Sunday 31 March 2013

Quilt for March




Quilts, by name, imply warmth and cosy colours but I have made quite a few in bright, spring-like prints or shades. When it comes to reproductions, however, I only seem to have one that shouts “Spring!” and that one has already been featured in the background of a photograph on this blog (http://historyknits.blogspot.com/2011/01/when-i-am-not-knitting_31.html) That delicate 18th century print was part of a line manufactured by P&B Textiles called the DAR Museum Collection from, obviously, the DAR Museum in Washington, DC.  The complete line dated from 1780-1830 and represented a wide range of printing techniques including woodblock and roller prints.
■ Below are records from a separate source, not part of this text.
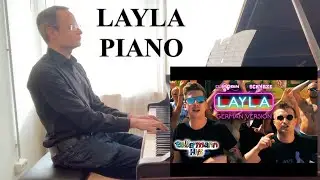 DJ Robin x Schürze - Layla (Piano/Klavier-Cover)  Ballermann-Partyhit als Klavier-Ballade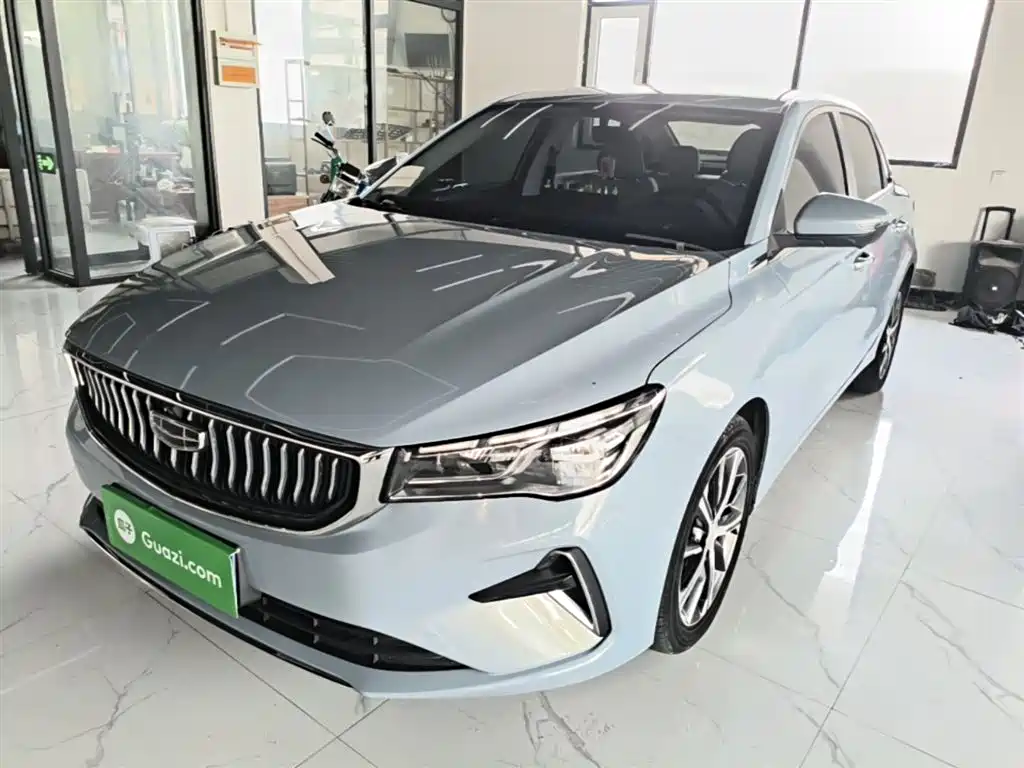 Geely Emgrand 2023 4th Gen Champion Edition 1.5L CVT Flagship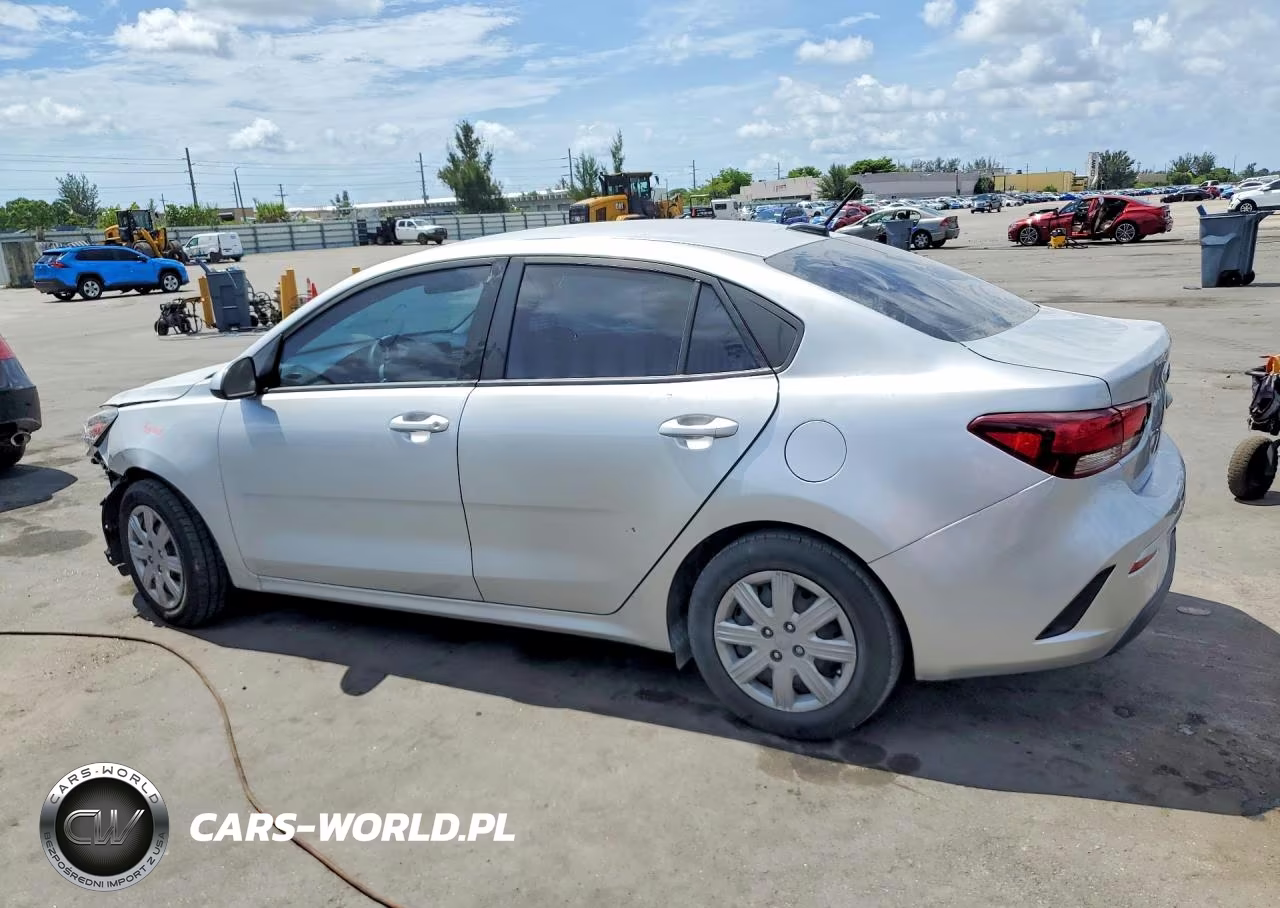 2023 Kia Rio Lx VIN:3KPA24AD2PE550096 - 2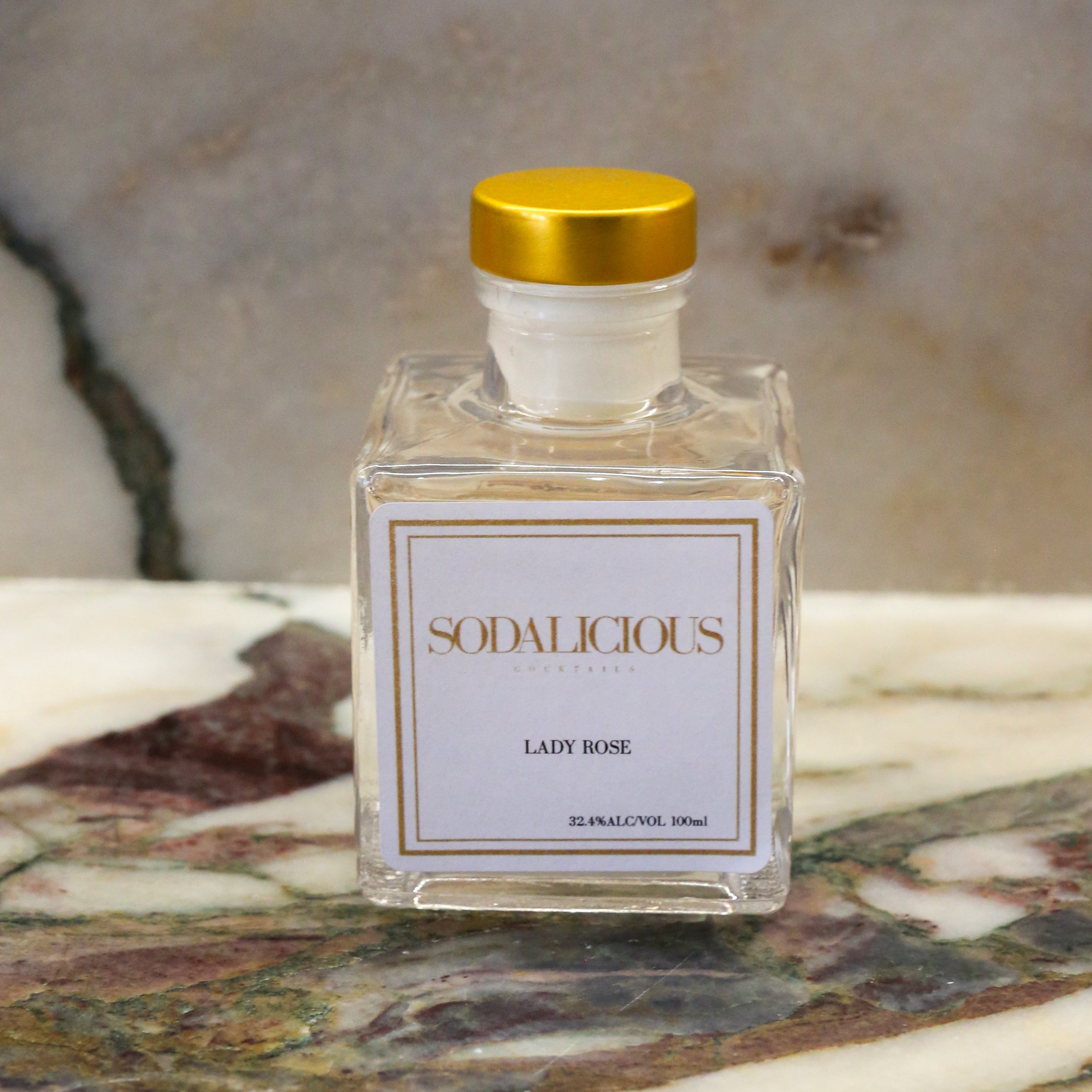 Lady Rose ready to drink cocktail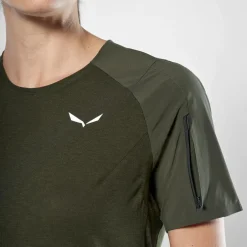 Puez Merino Hybrid T-Shirt Women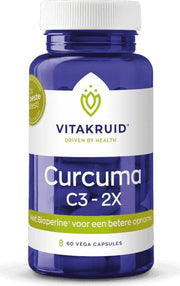 Vitakruid Curcuma C3-2X 60 vegicaps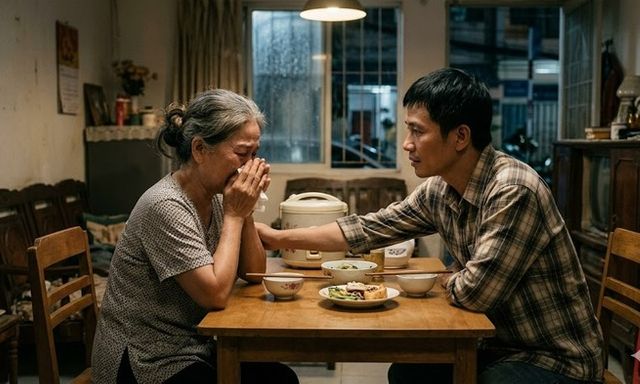 Bị con trai đuổi ra khỏi nhà, mẹ vợ ngã quỵ vì hành động của chàng rể mà mình luôn coi thường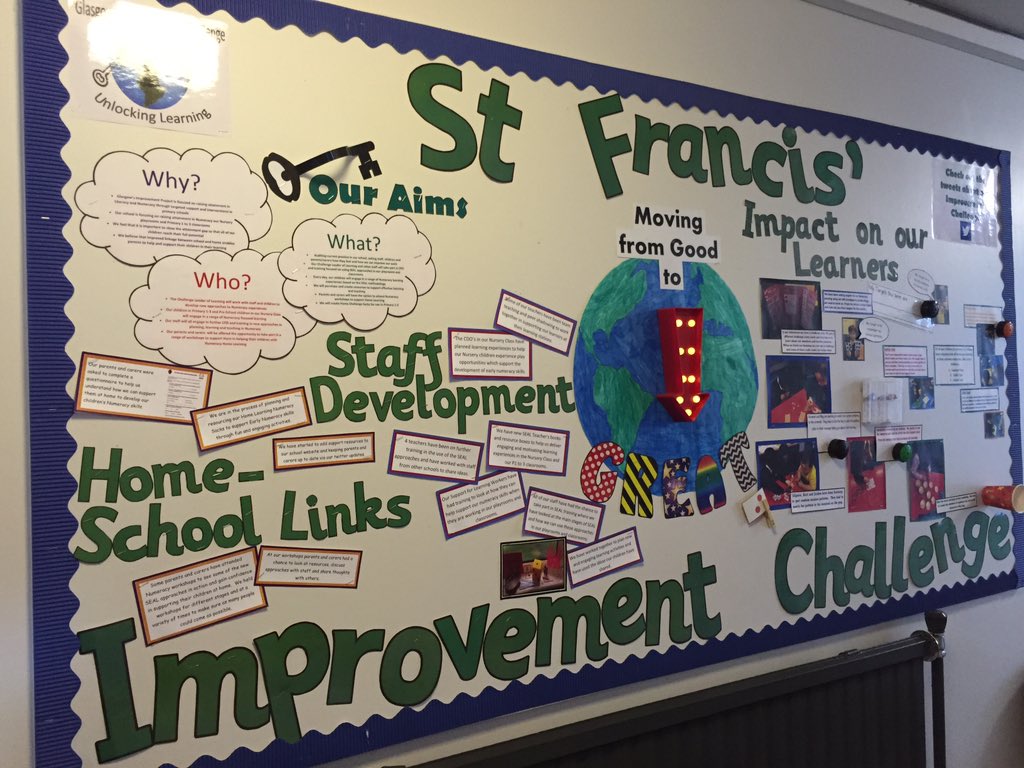 slipper_ruby's tweet photo. Our Improvement Challenge is picking up pace! #excitingdevelopments @GlasgowLOL @RAttainment  @SusanBinns15 https://t.co/Ip8xVUDNQG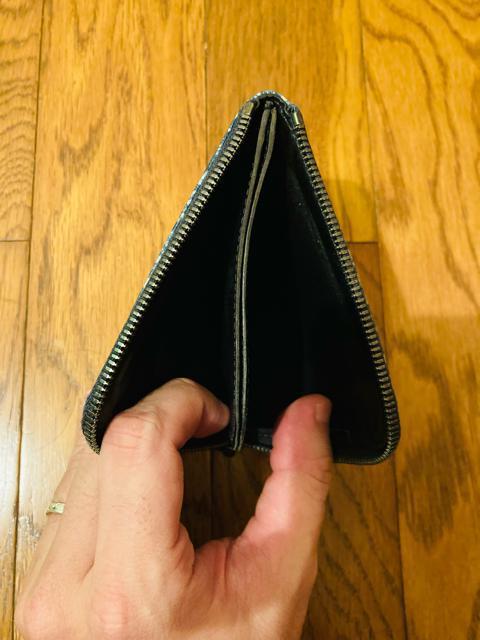 スクモレザー sukumo leather L字ファスナー 財布 ウォレット レザー 藍染め 日本製 cramp < 男性ファッション  スクモレザー sukumo leather L字ファスナー 財布 ウォレット レザー 藍染め 日本製 cramp < 男性ファッションの
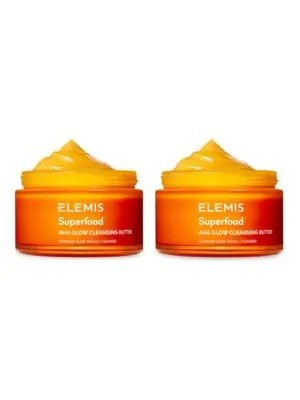2-Piece Superfood AHA Cleansing Butter Set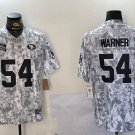 Fred Warner 49ers Arctic Camo Salute to Service Limited Jersey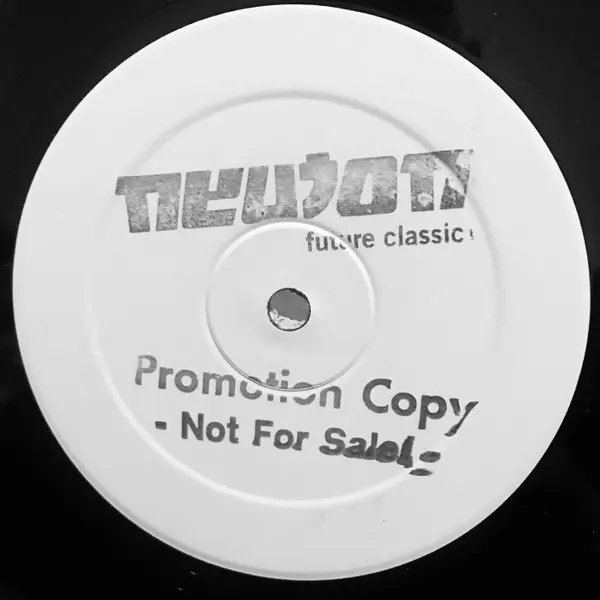 Neonkind - F.a.i.s.f.u., Electronic, Techno, 2005 - Bound Records, Germany, Vinyl 1x 12", Promo, White Label Stikckered & Sta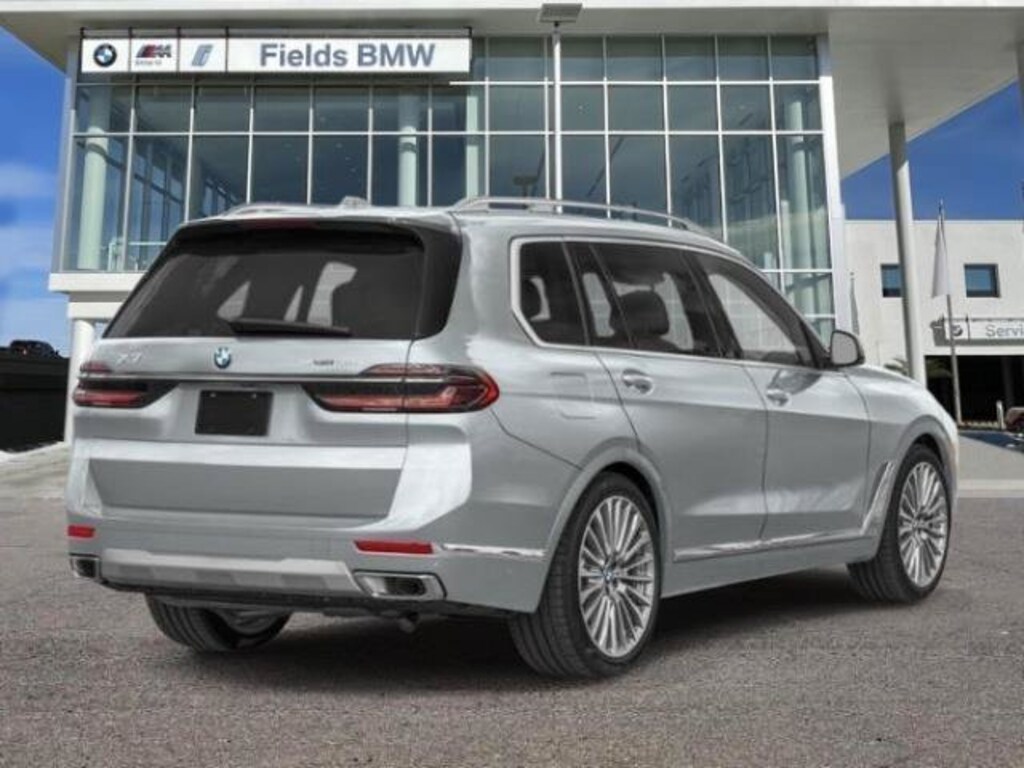 New 2027 BMW X7 xDrive40i xDrive40i Sports Activity Vehicle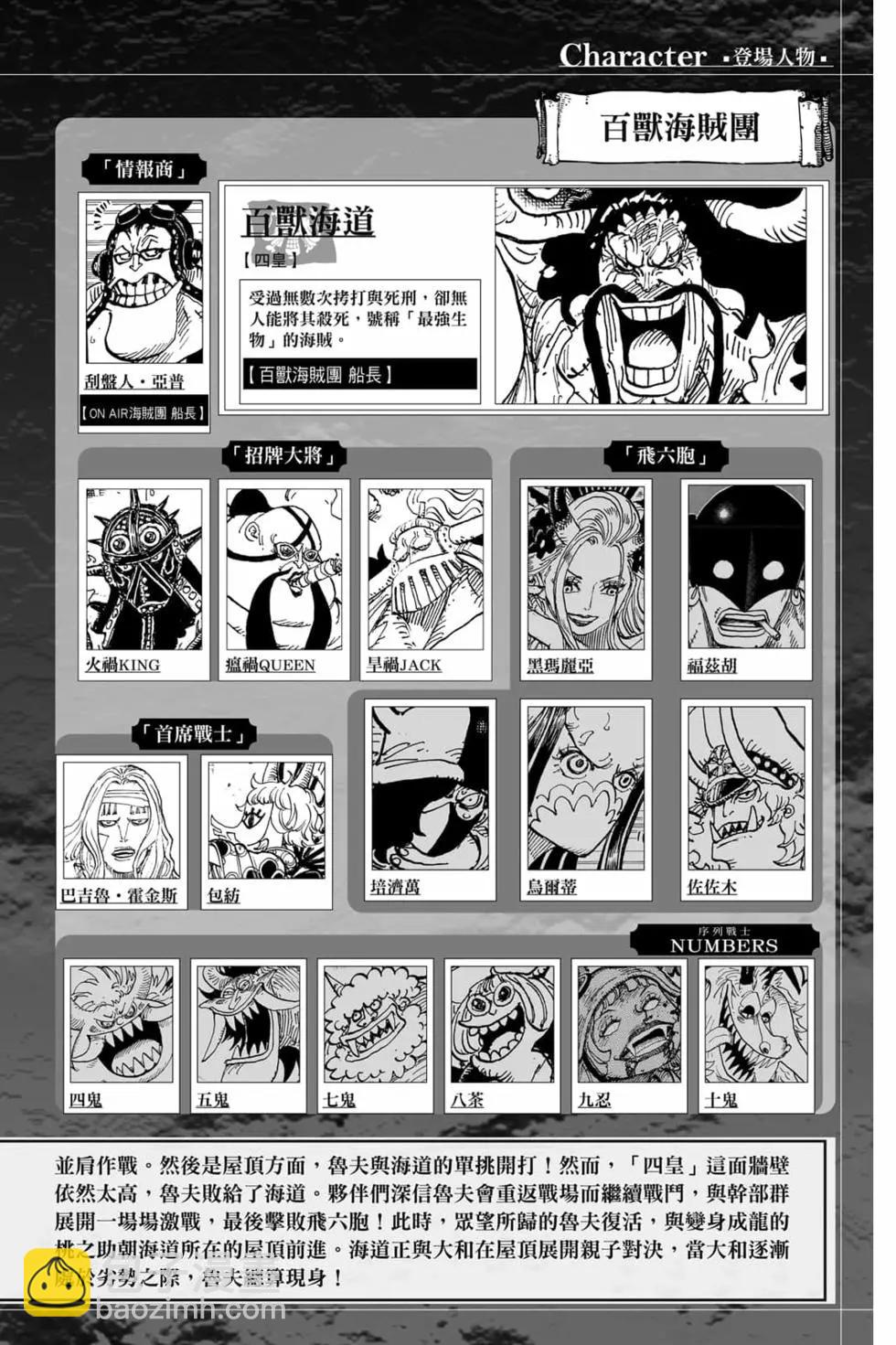 🍖ONE PIECE航海王 第102卷 第5页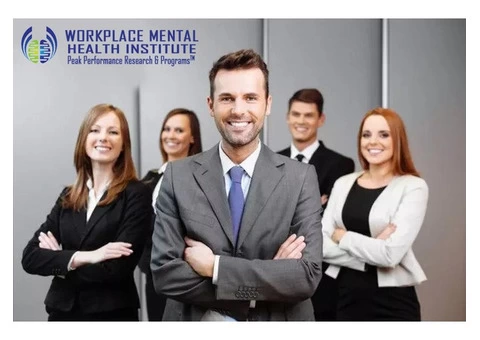 Mental Health Training for Leaders and Managers - 3/3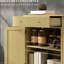 Buffet de comptoir - portes, naturel pour utilisation d'espace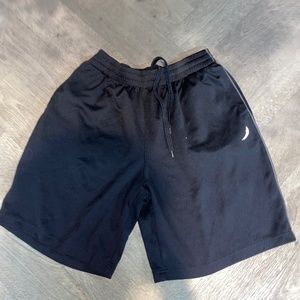 Black exertek Shorts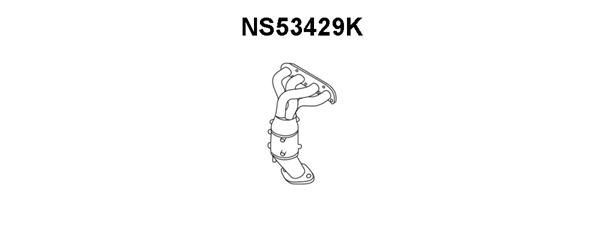 VENEPORTE Pakosarjakatalysaattori NS53429K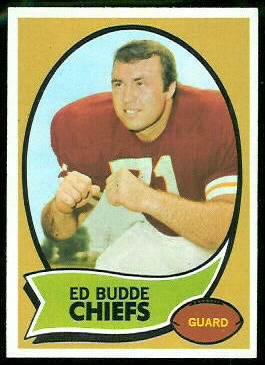 Ed Budde - 1970 Topps #77 - nm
I have, however, a quilt top (pictured here) that has been perpetually in progress as I use it to demonstrate hand piecing. It has lovely reproduction prints from the late 18th through the mid-19th century, and, like a few other reproduction quilts I have made, the fabric has been culled from mail-order samples and fat quarters I have found in shops or at shows that I absolutely had to have or I would die on the spot.

Not squares on point this time but elongated triangles or pyramids, sewn in strips and then the strips sewn in reverse to each other. The triangles each measure 3" high and 3 ¼ wide at the base. I am not even going to try to name a pattern as there are so many variations on the basic ones. Safe to say, this quilt, like most of  my reproduction ones, celebrates the prints and, when finished, will have a square quilted over hexagons of pyramids.

Monday 25 March 2013

Famous Knitters – Simone Signoret



Simone Signoret (March 25, 1921-September 30, 1985)

Superb French actress. Catch her here, with Véra Clouzot, in Les Diaboliques (1955), a fabulous thriller, one of the best of its kind.

Sunday 24 March 2013

Famous Knitters – Joan Crawford


Joan Crawford (March 23, 1904-May 10, 1977)

There are so many stories about Joan Crawford and her knitting – just put in those last few words on the internet and they will pop up, legends and all.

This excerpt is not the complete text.